Ignoring every picture, transcribe the data in full as it stands.
*** Block opens ***
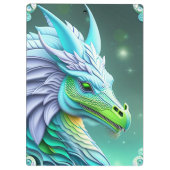 Porte-bloc Dragon turquoise, art numérique fantaisiste (Dos)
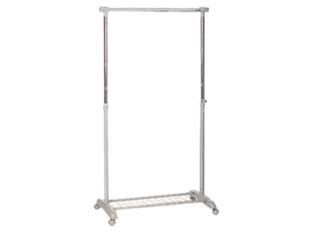 Appendiabiti stender telescopico handy - cm.87x42x95/165h. max estensione, composto da 1 asta appendiabiti fissa e spazio poggiascarpe, struttura in acciaio natural...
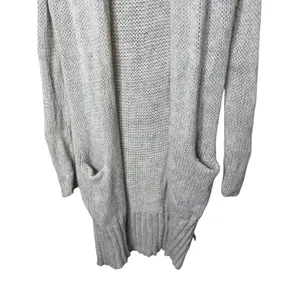 360 Cashmere‎ Wool Blend Open Front Cardigan Oatmeal Grey Chunky Knit Small thumbnail 3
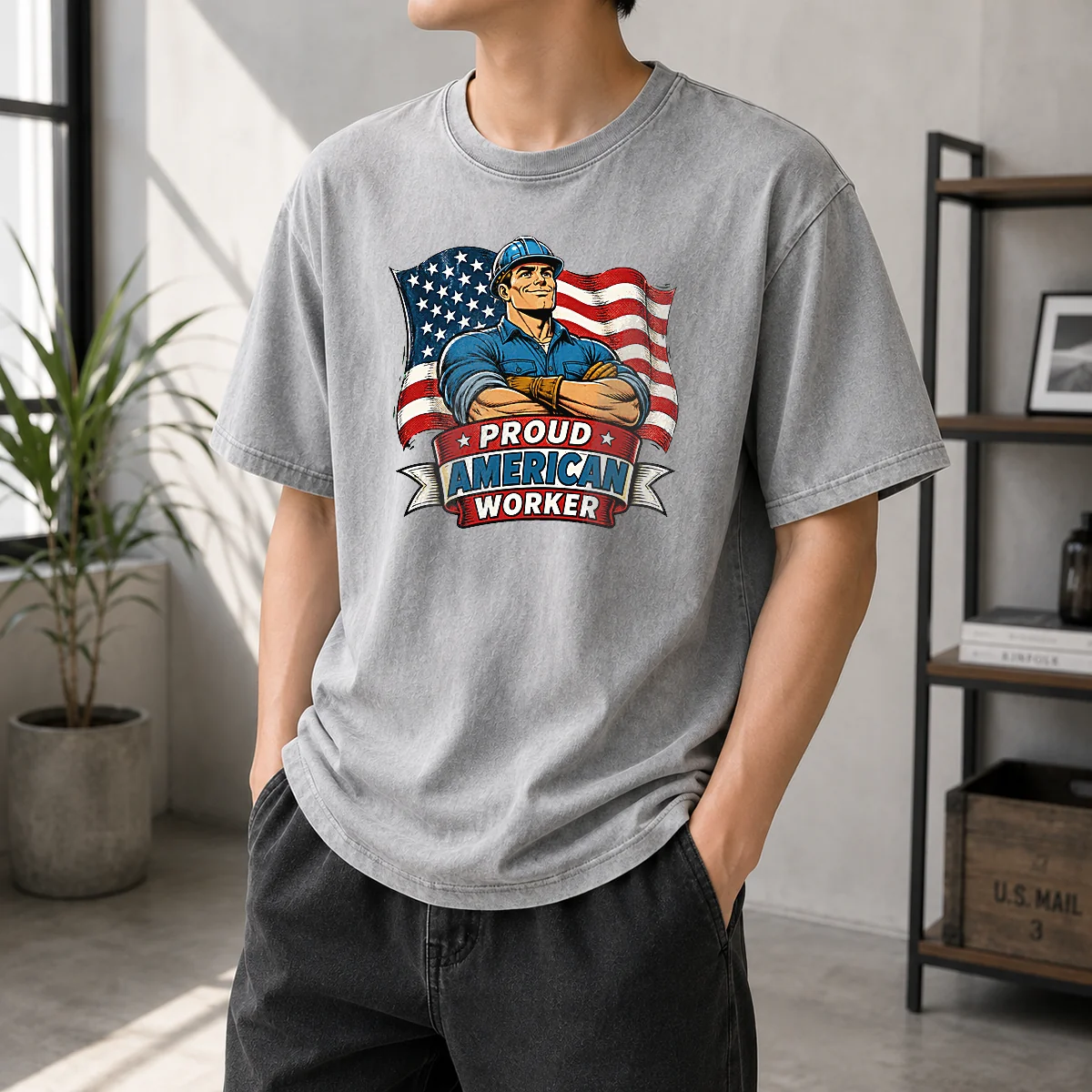 Hot Awesome Labour Day Proud American Worker Comic Washed T-Shirt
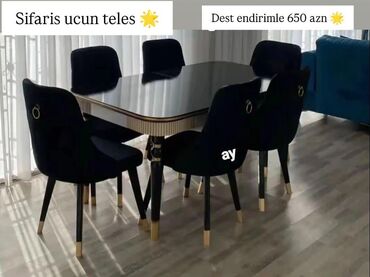 Столы: Для гостиной, Новый, 6 стульев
*** Block closes ***
Task answer:
 Porte-bloc Dragon turquoise, art numérique fantaisiste (Dos)
 Appendiabiti stender telescopico handy - cm.87x42x95/165h. max estensione, composto da 1 asta appendiabiti fissa e spazio poggiascarpe, struttura in acciaio natural...
 360 Cashmere‎ Wool Blend Open Front Cardigan Oatmeal Grey Chunky Knit Small thumbnail 3
 Hot Awesome Labour Day Proud American Worker Comic Washed T-Shirt
 Столы: Для гостиной, Новый, 6 стульев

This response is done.